What you have to do
Wherever the records include pictures, skip them and transcribe all the rest word for word.

Start of Records for the exercise

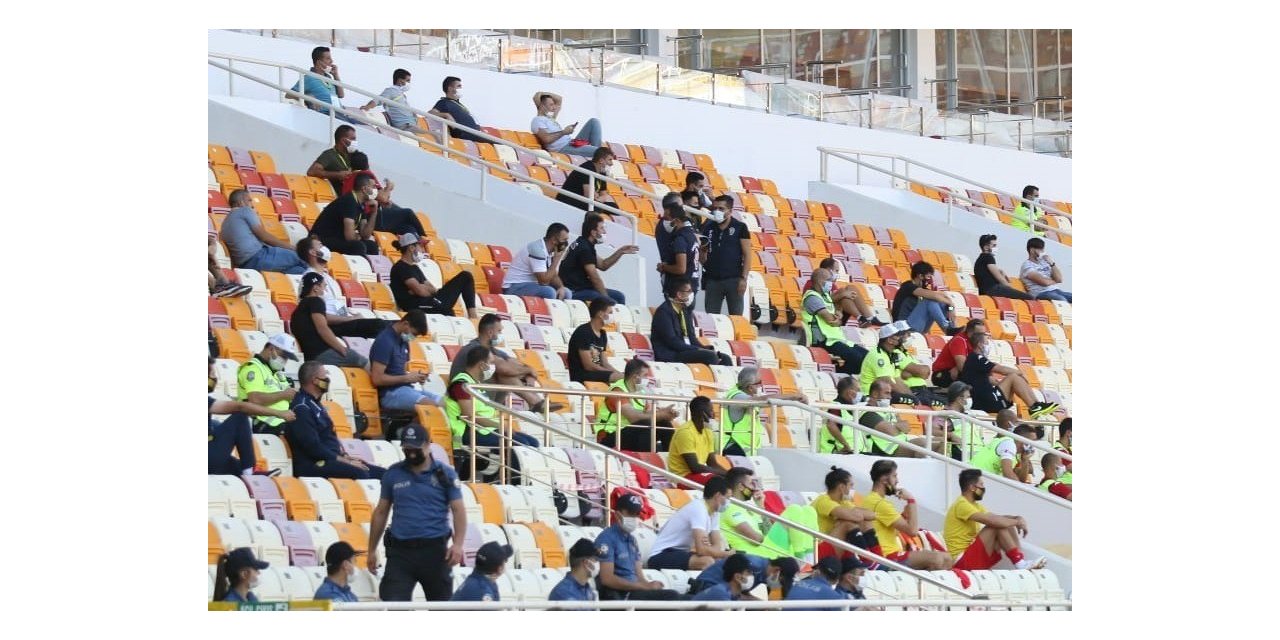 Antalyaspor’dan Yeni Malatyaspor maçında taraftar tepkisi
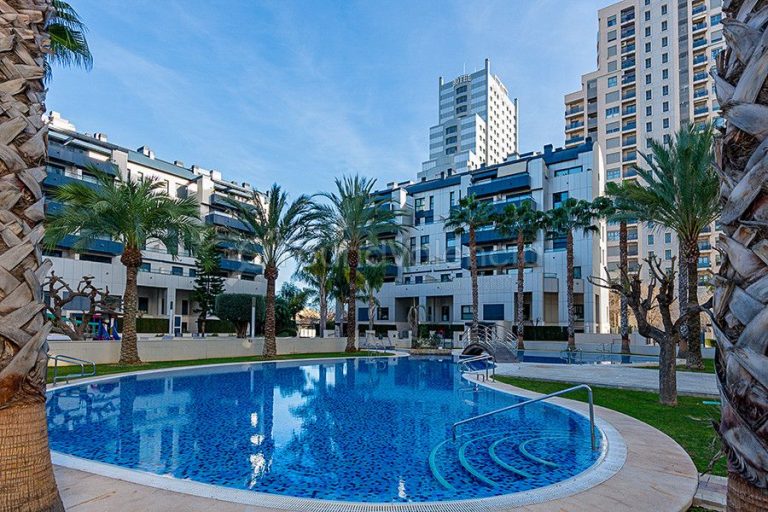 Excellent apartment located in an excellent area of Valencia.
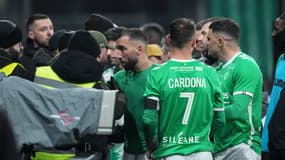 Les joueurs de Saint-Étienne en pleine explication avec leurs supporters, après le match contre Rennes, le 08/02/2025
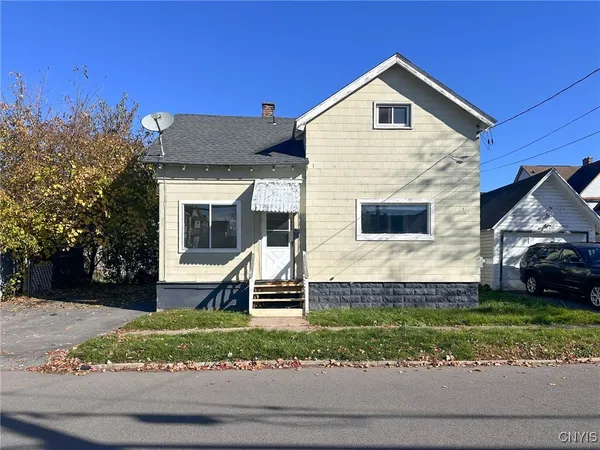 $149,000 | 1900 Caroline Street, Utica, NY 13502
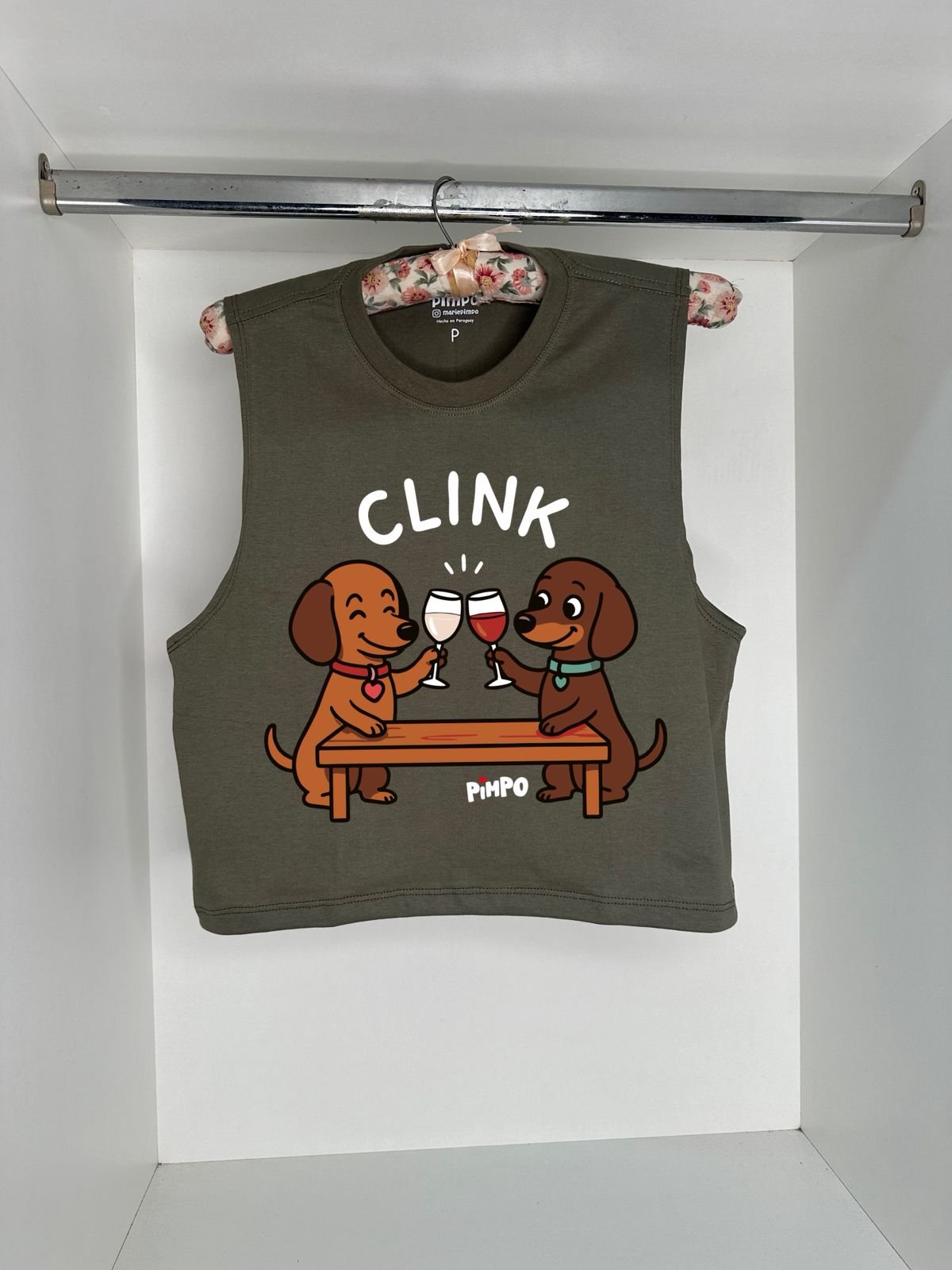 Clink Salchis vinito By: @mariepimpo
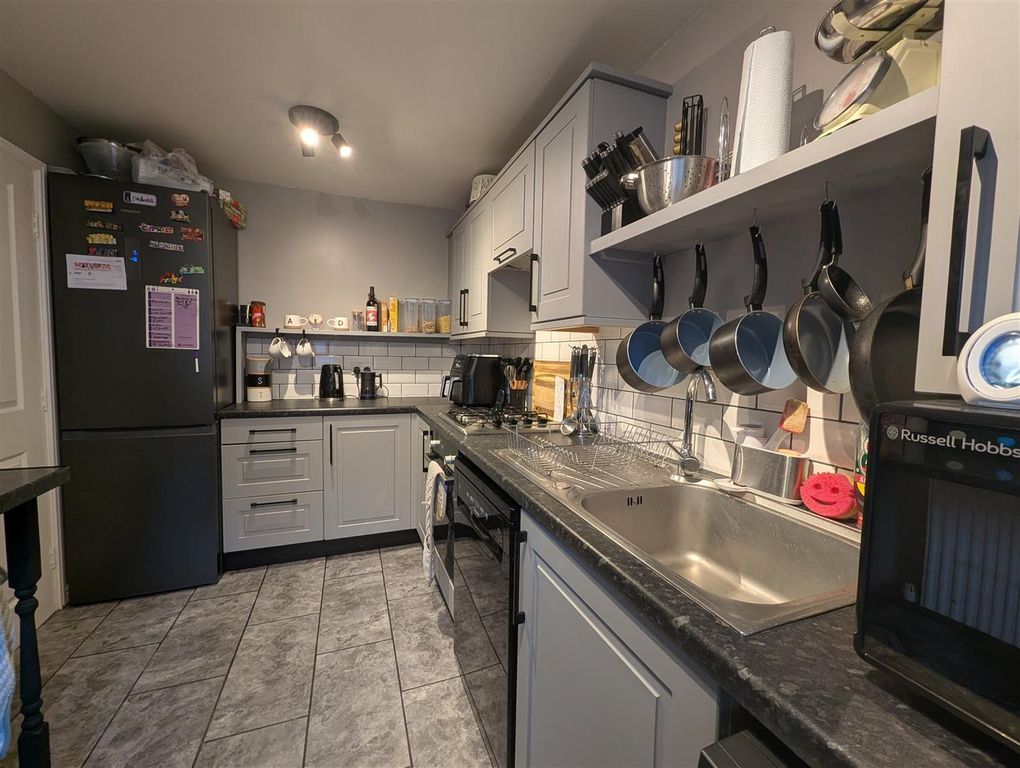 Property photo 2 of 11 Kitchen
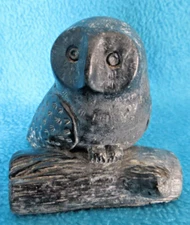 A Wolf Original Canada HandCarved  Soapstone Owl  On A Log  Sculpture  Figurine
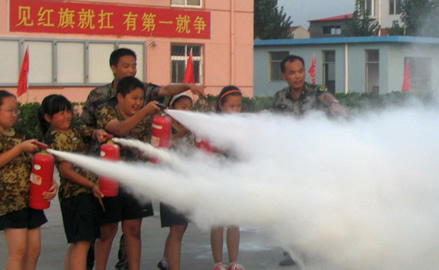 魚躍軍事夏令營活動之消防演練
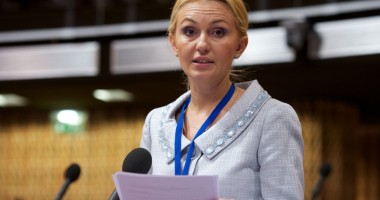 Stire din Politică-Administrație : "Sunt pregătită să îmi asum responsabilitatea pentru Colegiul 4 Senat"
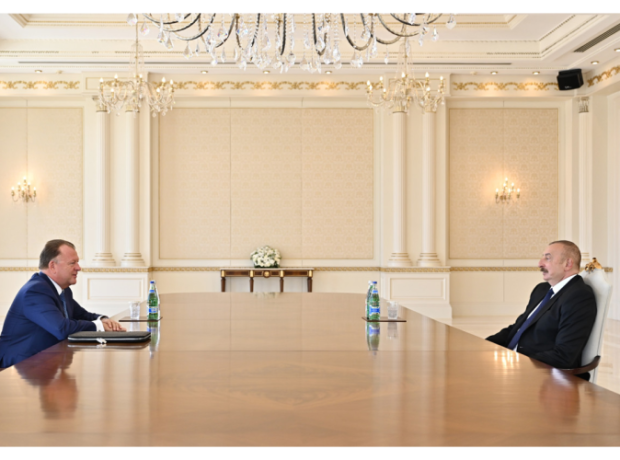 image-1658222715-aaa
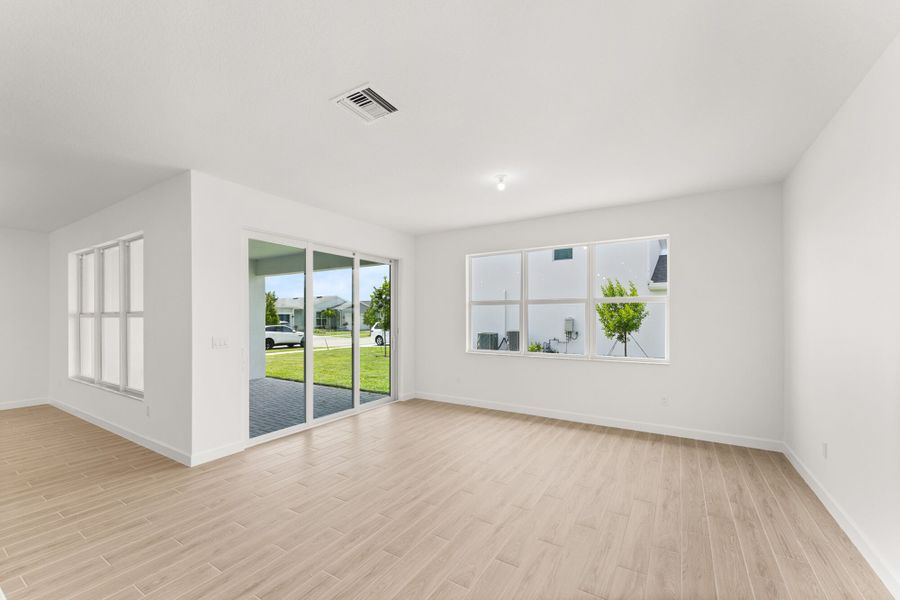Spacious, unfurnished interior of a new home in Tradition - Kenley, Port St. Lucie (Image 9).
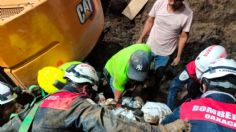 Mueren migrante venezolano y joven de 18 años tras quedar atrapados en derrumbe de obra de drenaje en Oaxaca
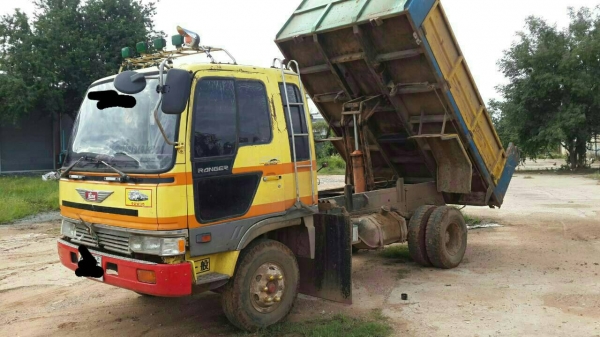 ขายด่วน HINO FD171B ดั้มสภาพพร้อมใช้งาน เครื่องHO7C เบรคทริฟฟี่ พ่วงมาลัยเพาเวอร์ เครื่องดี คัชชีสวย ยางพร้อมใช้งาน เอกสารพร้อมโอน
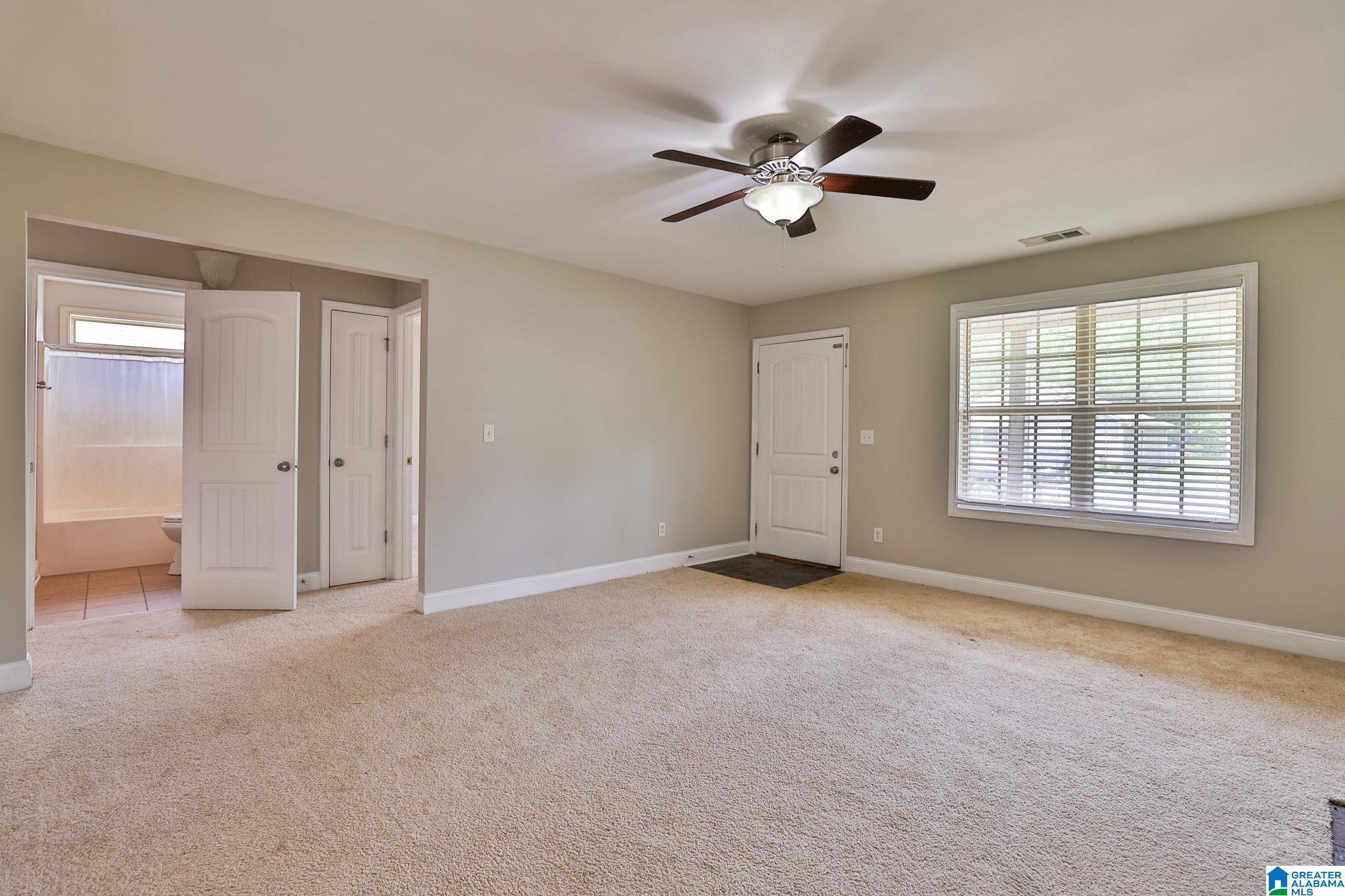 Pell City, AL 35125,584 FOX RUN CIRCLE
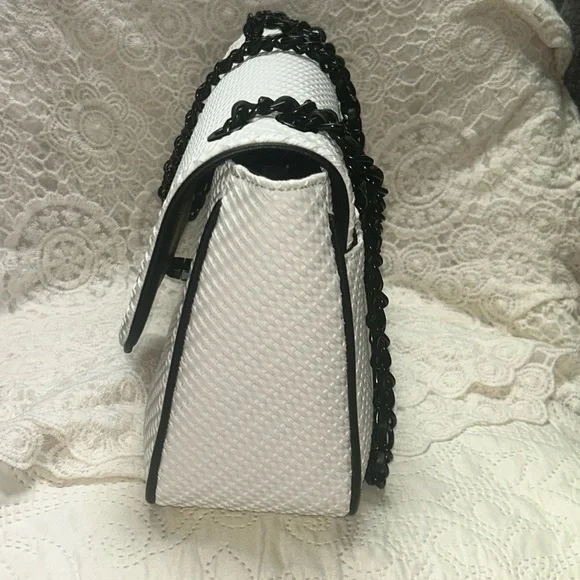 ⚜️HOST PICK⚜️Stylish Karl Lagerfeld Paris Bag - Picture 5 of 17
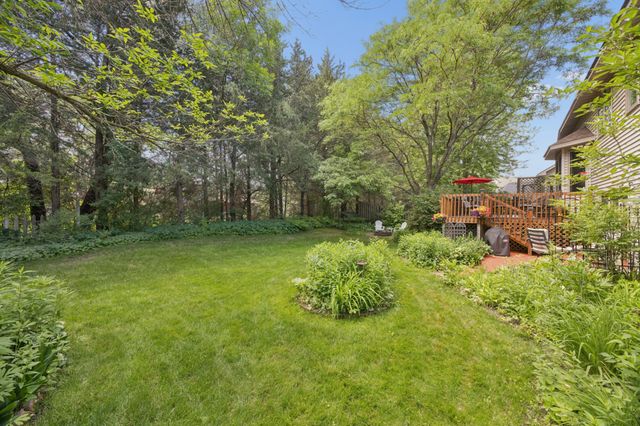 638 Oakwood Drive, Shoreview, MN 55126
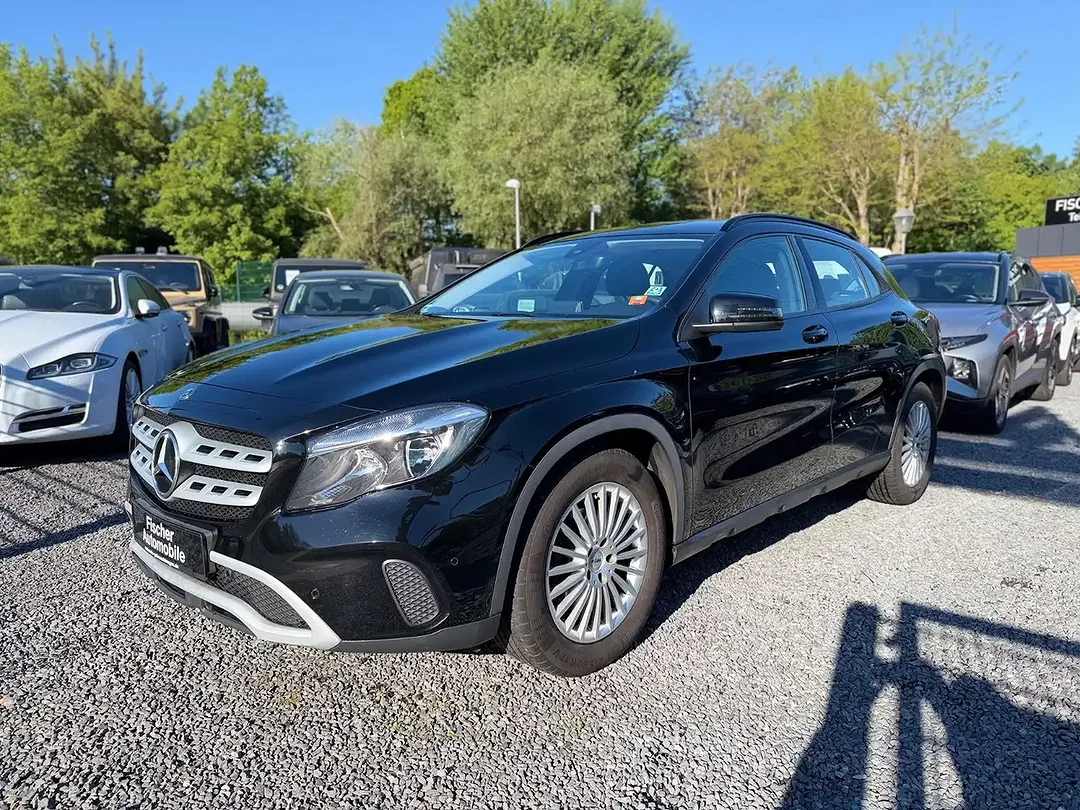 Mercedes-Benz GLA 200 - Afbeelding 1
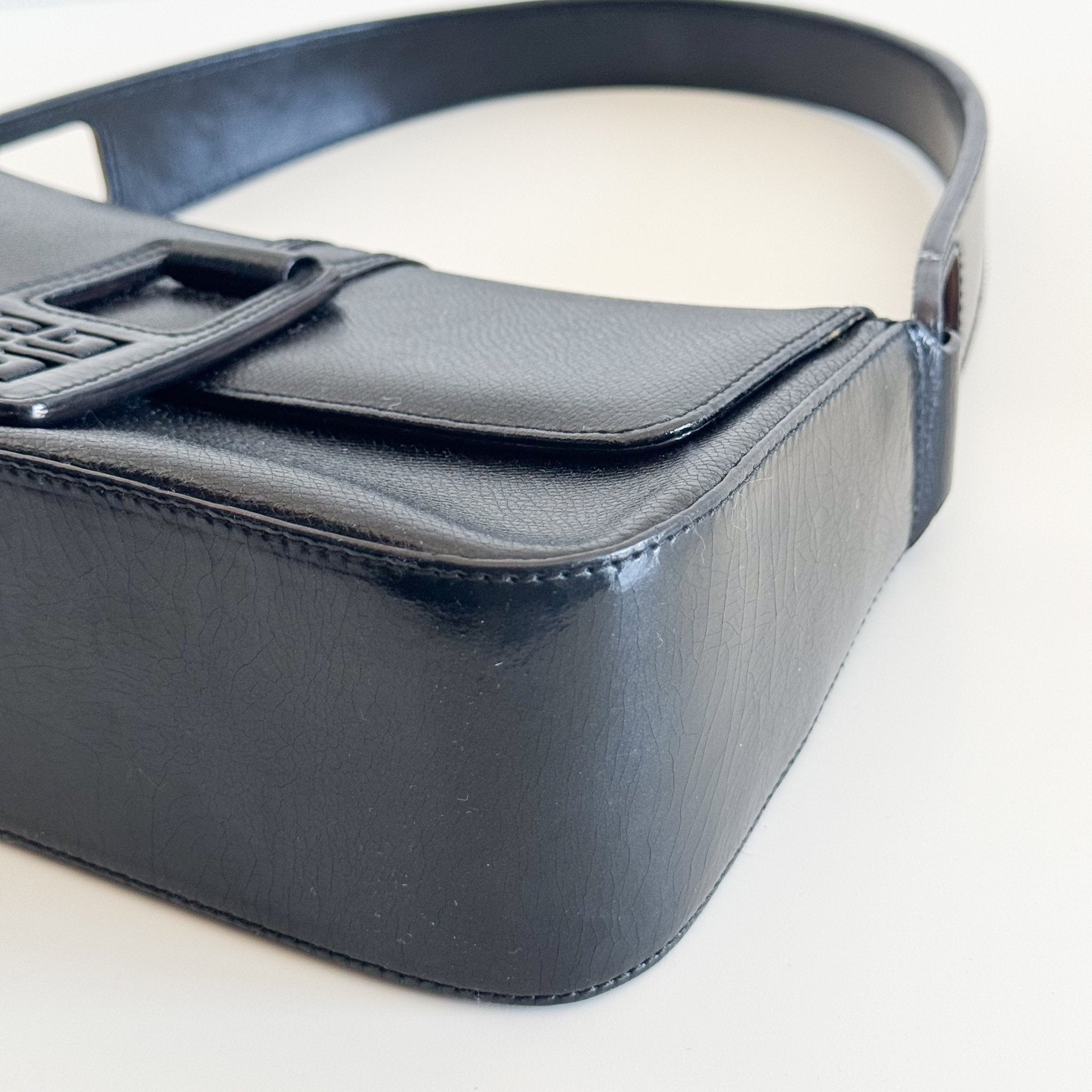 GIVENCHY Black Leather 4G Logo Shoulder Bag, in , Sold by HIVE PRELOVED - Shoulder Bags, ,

End of Records for the exercise

Answer to this problem
 Antalyaspor’dan Yeni Malatyaspor maçında taraftar tepkisi
 Excellent apartment located in an excellent area of Valencia.
 Les joueurs de Saint-Étienne en pleine explication avec leurs supporters, après le match contre Rennes, le 08/02/2025
 $149,000 | 1900 Caroline Street, Utica, NY 13502
 Clink Salchis vinito By: @mariepimpo
 Property photo 2 of 11 Kitchen
 A Wolf Original Canada HandCarved  Soapstone Owl  On A Log  Sculpture  Figurine
 魚躍軍事夏令營活動之消防演練
 Stire din Politică-Administrație : "Sunt pregătită să îmi asum responsabilitatea pentru Colegiul 4 Senat"
 image-1658222715-aaa
Spacious, unfurnished interior of a new home in Tradition - Kenley, Port St. Lucie (Image 9).
 Mueren migrante venezolano y joven de 18 años tras quedar atrapados en derrumbe de obra de drenaje en Oaxaca
 ขายด่วน HINO FD171B ดั้มสภาพพร้อมใช้งาน เครื่องHO7C เบรคทริฟฟี่ พ่วงมาลัยเพาเวอร์ เครื่องดี คัชชีสวย ยางพร้อมใช้งาน เอกสารพร้อมโอน
 Pell City, AL 35125,584 FOX RUN CIRCLE
 ⚜️HOST PICK⚜️Stylish Karl Lagerfeld Paris Bag - Picture 5 of 17
 638 Oakwood Drive, Shoreview, MN 55126
 Mercedes-Benz GLA 200 - Afbeelding 1
 GIVENCHY Black Leather 4G Logo Shoulder Bag, in , Sold by HIVE PRELOVED - Shoulder Bags, ,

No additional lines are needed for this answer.